Ahmad Mulakhil, 23, was convicted of two counts of raping a child under 13 in Nuneaton, central England, last July after a trial at Warwick Crown Court.
He had previously pleaded guilty to a further count of rape and was also found guilty of abducting a child, two counts of sexual assault and making indecent images of a child.
Jurors at a 10-day trial were told that Mulakhil arrived in the United Kingdom four months before the rapes and had made an immigration application linked to "problems" he had experienced in Afghanistan.
His co-defendant Mohammad Kabir, 24, was found not guilty of attempting to take a child, committing an offence with intent to commit a sexual offence and intentional strangulation in connection with an earlier encounter with the victim on the same day.
The trial was not told that Mulakhil arrived in the UK by small boat or that Kabir had entered the UK by the same method on Christmas Day in 2024.
Anti-immigration activists have seized on other criminal cases involving asylum seekers, predominantly young men and particularly those housed in hotels, to argue that they are a danger to nearby communities.

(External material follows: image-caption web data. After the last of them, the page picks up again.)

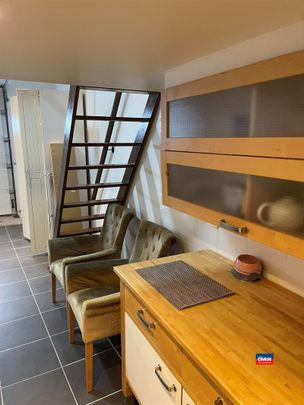 Recent gerenoveerde studio met garage, open keuken, slaaphoek en aparte badkamer - € 895 - Photo 1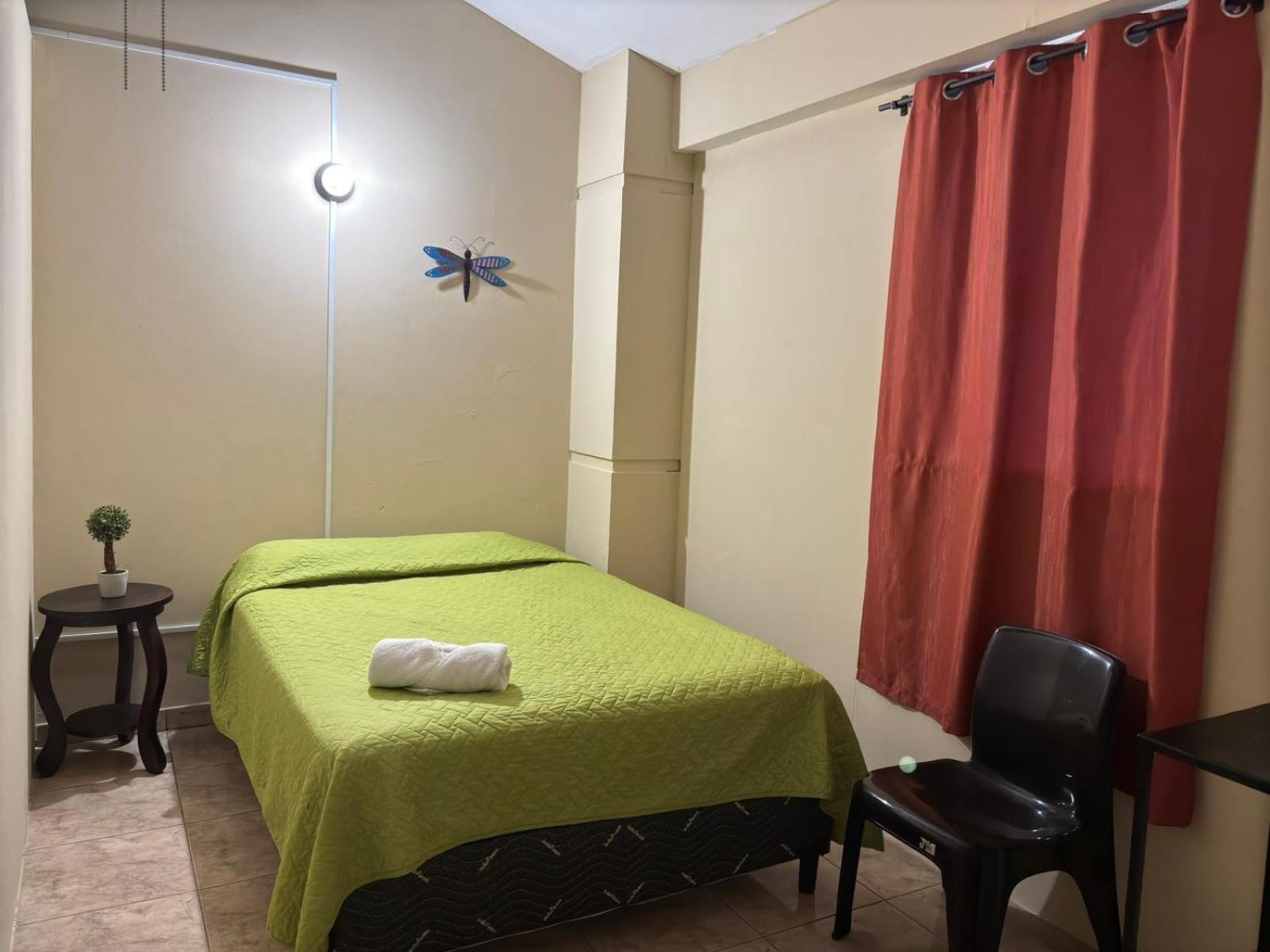 Hostal Casa Luna Santa Ana Eksteriør billede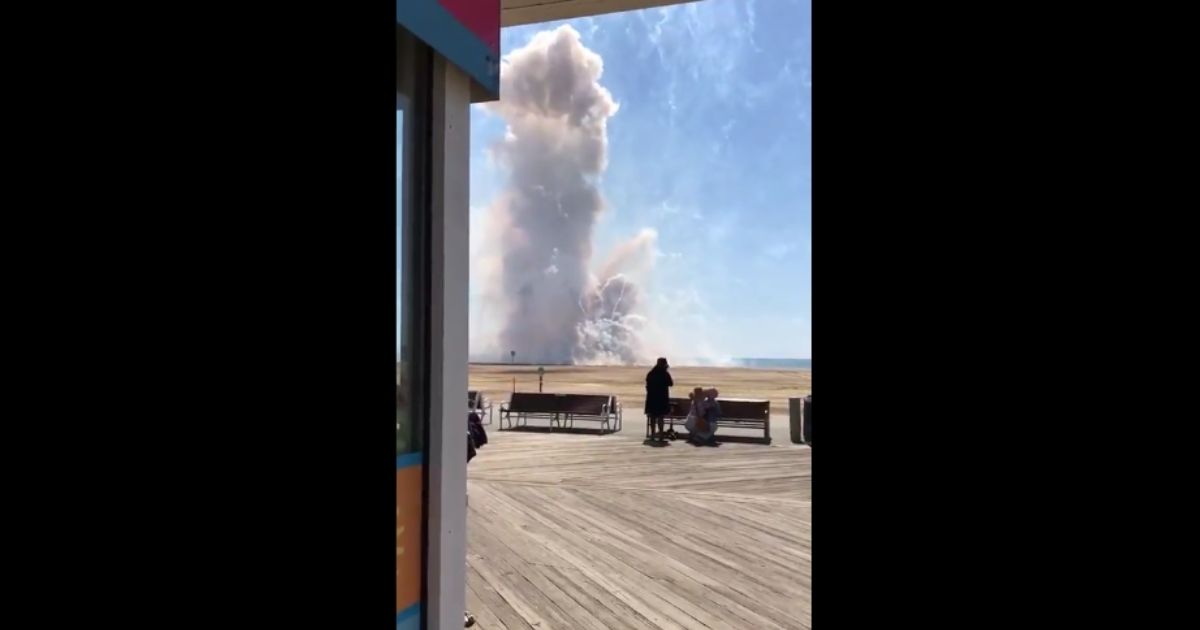 Chaos on Maryland Beach as Industrial Display Fireworks Ignite, Results in Massive Explosion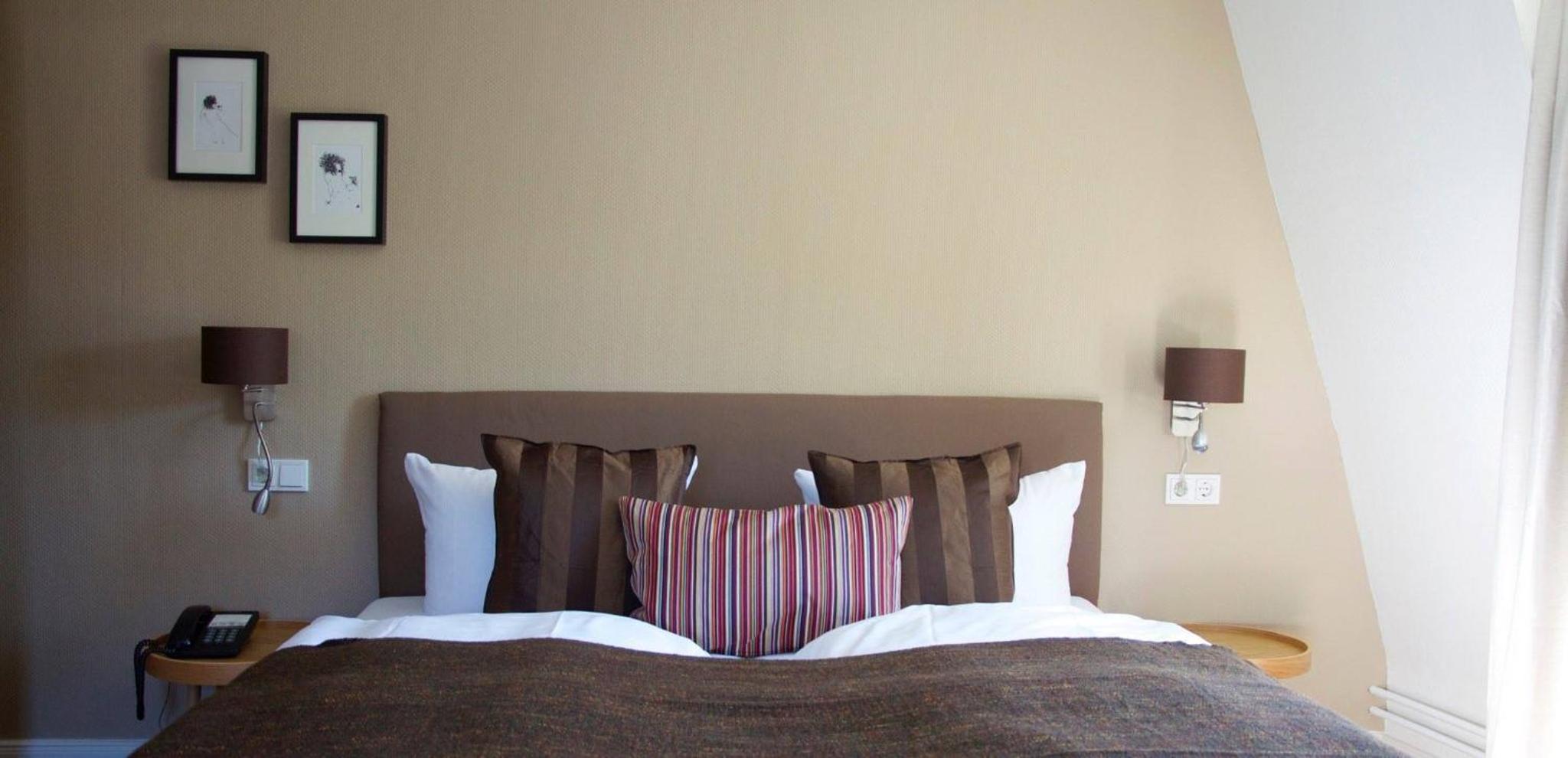 Double Room - Photo 8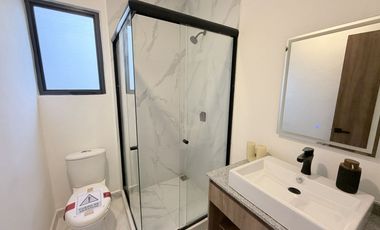 CASA ENLA MEJOR ZONA RESIDENCIAL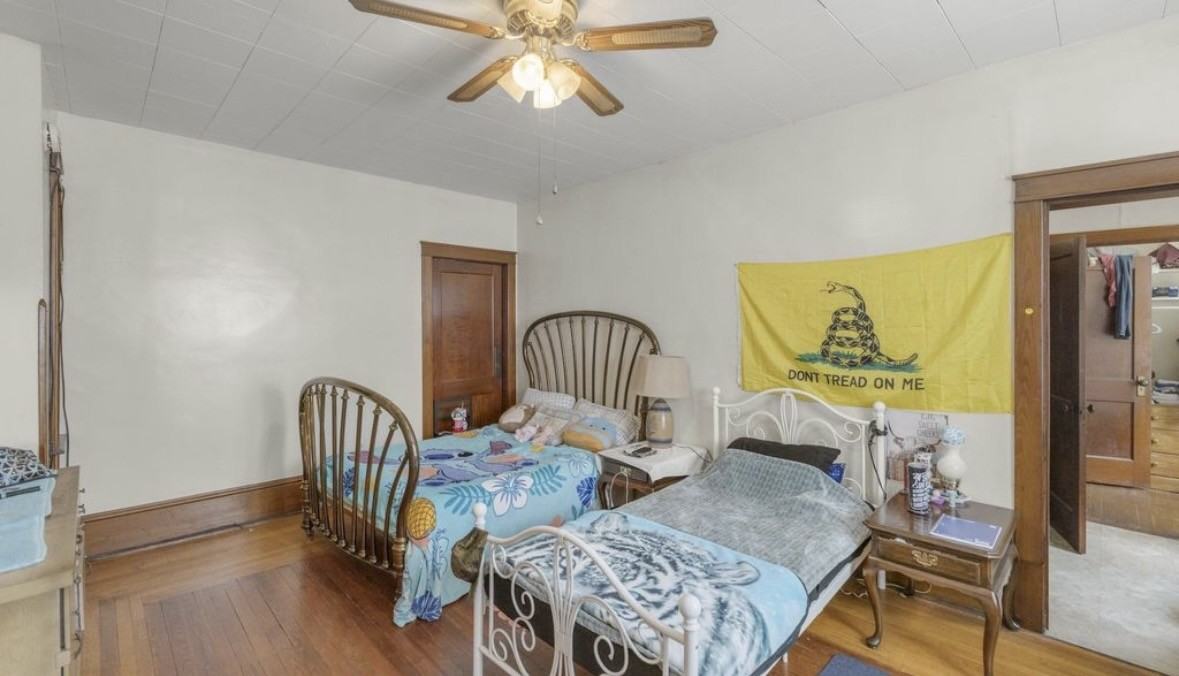 225 E King St - Photo 5 of 15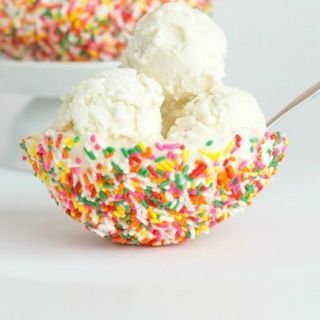 Food, Sweetness, Cuisine, Dessert, Ingredient, Confectionery, Baked goods, Dairy, Colorfulness, Sprinkles, Food, Sweetness, Cuisine, Dessert, Ingredient, Confectionery, Baked goods, Dairy, Colorfulness, Sprinkles,
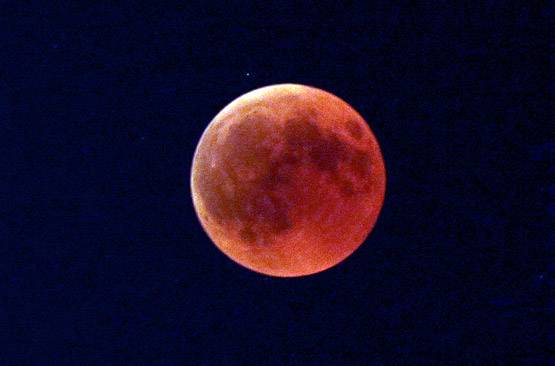 PHOTOS: देखते ही देखते सफेद चांद हो गया 'ब्लड मून'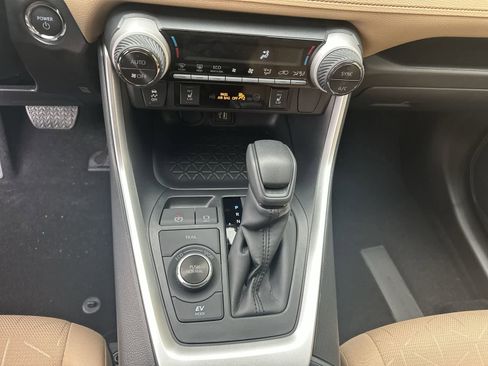 Certified 2025 Toyota RAV4 XLE image 25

Pro-migrant groups, however, have said ultranationalist groups and opportunistic politicians are deliberately seeking to exploit and inflame tensions for their own ends.
Prosecutor Daniel Oscroft told jurors at the start of Mulakhil's trial last month that Mulakhil had led the victim to a "secluded cul-de-sac ... where he raped her, sexually assaulted her and took indecent images of her".
Remanding Mulakhil in custody to be sentenced at a later date, judge Kristina Montgomery said of him: "He will plainly receive a substantial custodial sentence which will automatically make him liable for deportation at its conclusion."
Commenting after the case, a UK Home Office spokesperson said: "We will not allow foreign criminals and illegal migrants to exploit our laws. We are reforming human rights laws and replacing the broken appeals system so we can scale up deportations."